Her partner works long hours and they have fallen into traditional gender roles where their roles are very different. She feels there needs to be more support for women at pinch points when things get difficult. She thinks it should be a requirement that primary caregivers should get mentoring to recognise how much they often have on their plate. And she would like to see more support for returners who are looking to get back to work.

Career breaks

Some of the general themes covered by the focus group included the impact on confidence of taking a career break and the difficulty of getting back to something approaching what mums did before but on reduced hours. Participants said career breaks needed to be normalised and considered a reasonable choice. Currently, taking a career break was like “falling off a cliff edge” and, despite a few returner initiatives, it was generally very hard to get back onto a career pathway. Women felt the need to start all over again. There was a need for more realistic role models and a realisation that career breaks and being at home had a long term impact on income and savings making pensions and made women more dependent.


The discussion also touched on childcare costs and availability, especially if you have more than one child. Childcare was a particular issue for those without extended family around and with partners who work long or irregular hours. The cost of childcare and the impact on women’s ability to contribute to their children’s lives and well being made it difficult to justify going back to work despite the fact that many women were very bored being at home and not using their skills.

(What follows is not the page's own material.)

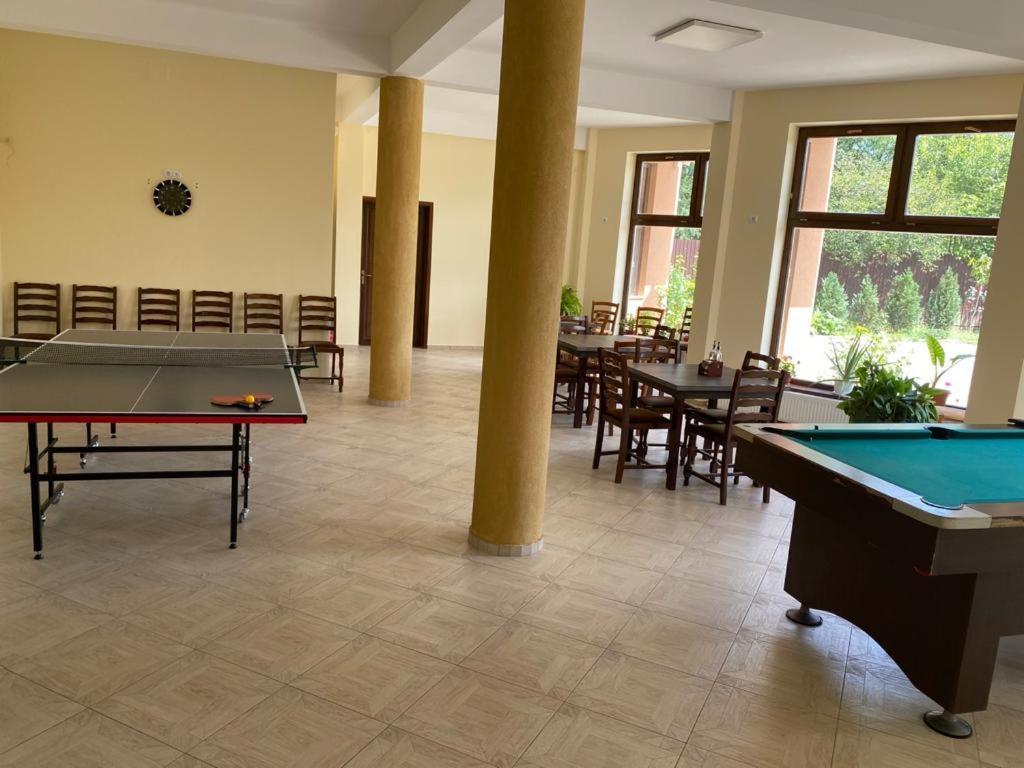 Pensiunea Casa Soarelui Simian Zewnętrze zdjęcie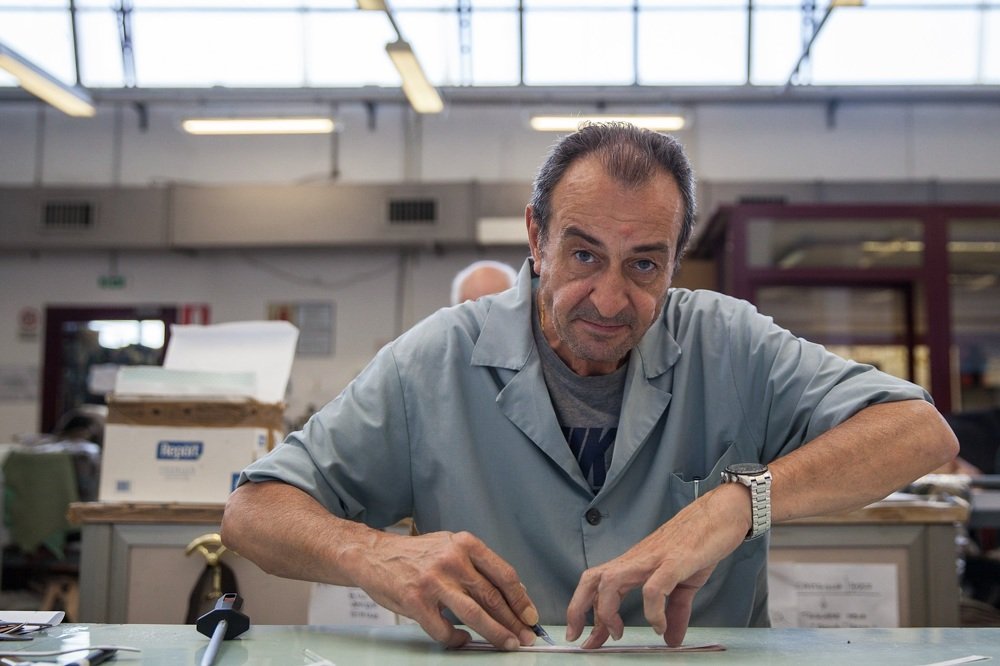 Обувь ручной работы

Women were worried about their children’s well being. They didn’t want someone else to bring up their child. They wanted to have enough time to properly parent their children. However, one mum said those who stayed at home were often living through their children’s successes, prioritising their children and partners and sacrificing their own dreams. She said she felt let down because she had been brought up to ‘have it all’ and it had exhausted her.

There was a discussion about the pressure on women to be ‘superwoman’, with women feeling the need to push themselves for all sorts of reasons, including to justify being a single parent. Several women spoke of being forced to choose between career or family. They wanted to be able to do both.

Sharing the caring

Shared parenting was another central theme of the focus group discussion. If it was easier for men and women to get flexible working and to share parental leave, the mums felt it would take some of the pressure off women or at least give parents greater choice over how they organised their lives. Traditional roles of mums being the main caregiver and men being the main earner put a lot of different pressures on both partners. The breadwinner role made it harder for dads to take leave or change jobs.

There was a proposal that schools should discuss the whole issue of shared parenting so young people could envisage what it might look like in advance and challenge gender stereotypes. Girls and boys both needed to discuss how family and work life would fit together and how they could share responsibilities.

Rethinking work

Participants also discussed how work needed to change and be unpacked so full time work did not mean working all the time. Work needed to be more goals-oriented and based on output rather than hours.

Another theme that emerged was the importance of unpaid care work being valued more.